**Assignment**: Verbatim transcription of the listing is needed.
Segment Start: Data provided
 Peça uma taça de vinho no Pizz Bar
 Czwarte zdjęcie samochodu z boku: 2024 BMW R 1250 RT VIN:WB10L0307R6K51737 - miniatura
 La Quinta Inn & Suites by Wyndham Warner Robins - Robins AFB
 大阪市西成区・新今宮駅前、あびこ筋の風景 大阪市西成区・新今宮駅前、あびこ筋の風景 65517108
Segment End: Data provided
**Task result**:
 Peça uma taça de vinho no Pizz Bar
 Czwarte zdjęcie samochodu z boku: 2024 BMW R 1250 RT VIN:WB10L0307R6K51737 - miniatura
 La Quinta Inn & Suites by Wyndham Warner Robins - Robins AFB
 大阪市西成区・新今宮駅前、あびこ筋の風景 大阪市西成区・新今宮駅前、あびこ筋の風景 65517108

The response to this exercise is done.